Screenshots of the Vitalk app. Photo credit: Vitalk

Using the Vitalk virtual chatbot had a significant positive effect on anxiety, depression, and burnout in health workers in Malawi compared with passive online resources, according to an 8-week randomized control trial (RCT) involving 1,584 people. The results were published in preview form as a journal article in medRxiv.

Vitalk is an AI-powered virtual health assistant available through a phone app created by a team in Brazil. Previously, Vitalk partnered with USAID and the Human Resources for Health Project (HRH2030) to pilot test the app among health workers there.

“A significant number of health workers could benefit from this kind of mental health support,” said lead author Dr. Eckhard Kleinau, Director, Research and Evaluation, URC. “In Malawi, 1 in 8 health workers reported anxiety and depression, 3 in 4 suffered from burnout, and 1 in 4 had low resilience. Help for these issues is not readily available in Malawi, but we found that Vitalk has the potential to fill this gap.”

Effectiveness of the Vitalk Chatbot in Improving the Mental Wellbeing of Health Workers in Malawi

URC was the lead principal investigator of this trial, collaborating closely with the University of Malawi. URC developed the research protocol and data collection instruments; and URC’s Institutional Review Board did the ethical review of the protocol, providing detailed technical feedback that was incorporated into the research design. URC then performed the analysis of all quantitative data and wrote the journal article with contributions from the study team.
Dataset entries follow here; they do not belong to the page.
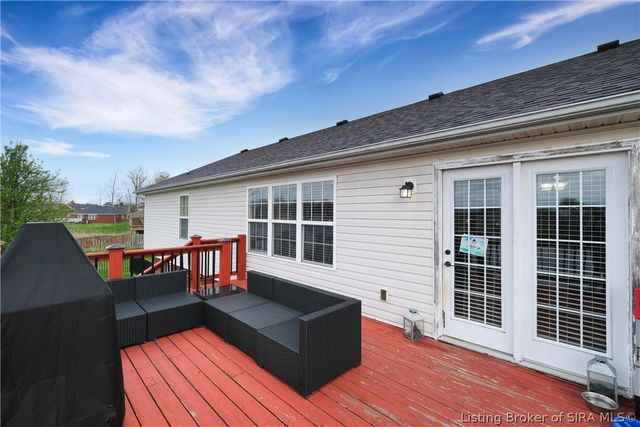 12306 Nina Court, Sellersburg, IN 47172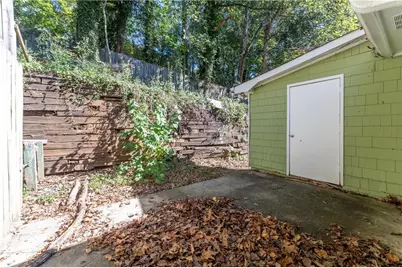 1101 Old Saybrook Court, Stone Mountain, GA 30083 - Photo 21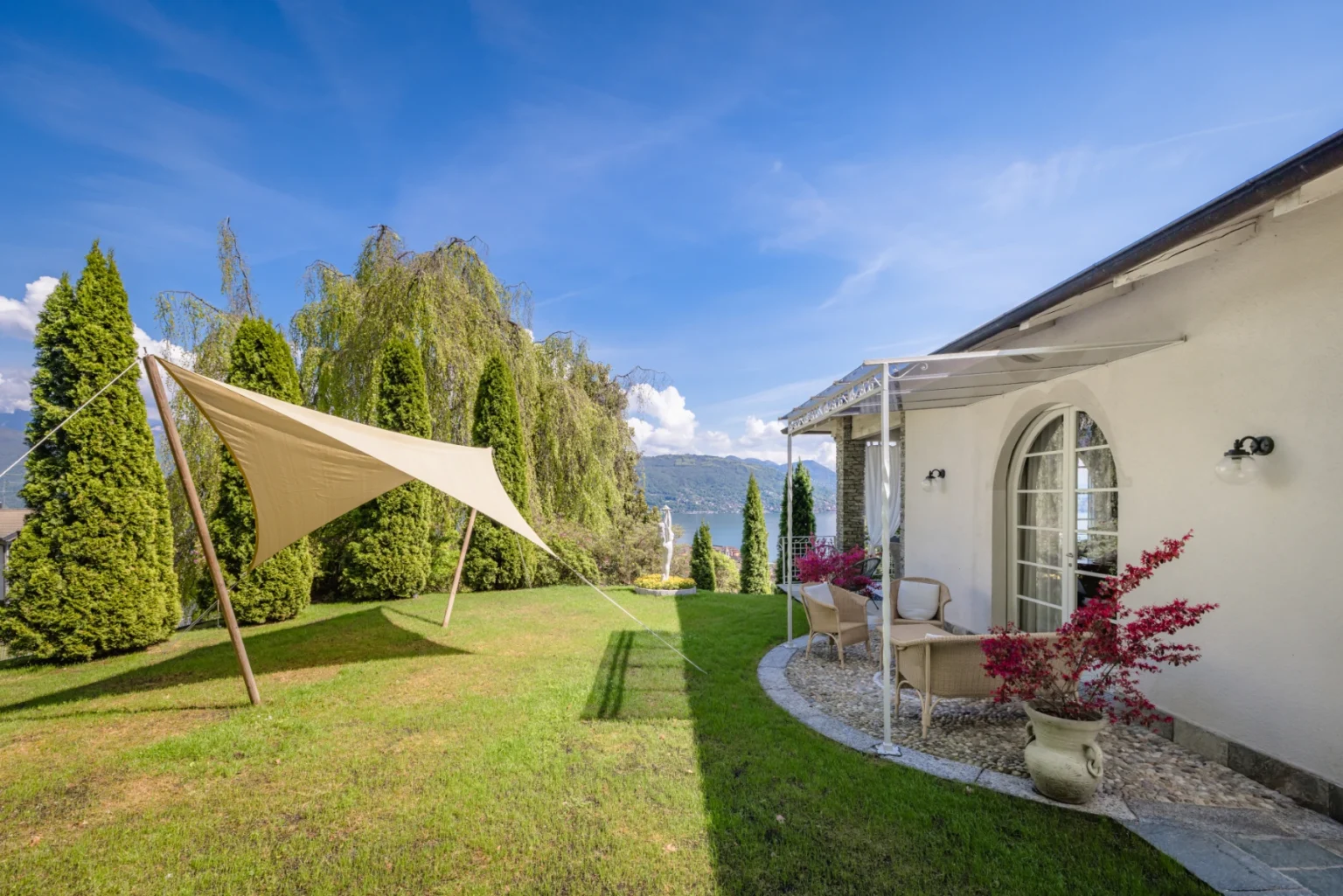 Borromean View Villa | Lake Maggiore image 39 | Only on SopranoVillas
This is the first RCT of a mental health app for healthcare workers during the COVID-19 pandemic in Southern Africa combining multiple mental wellbeing outcomes and measuring resilience and resilience-building activities.

The improvement in risk levels consistently was greater in the treatment than in the control group, with the effect on anxiety greater than on depression or burnout. Depression showed the least amount of change, with about two-thirds of participants staying at the same risk level pre- and post-intervention. Most significantly, the proportion of participants increasing resilience-building activities by at least one level was almost twice as high in the treatment group compared to the control group.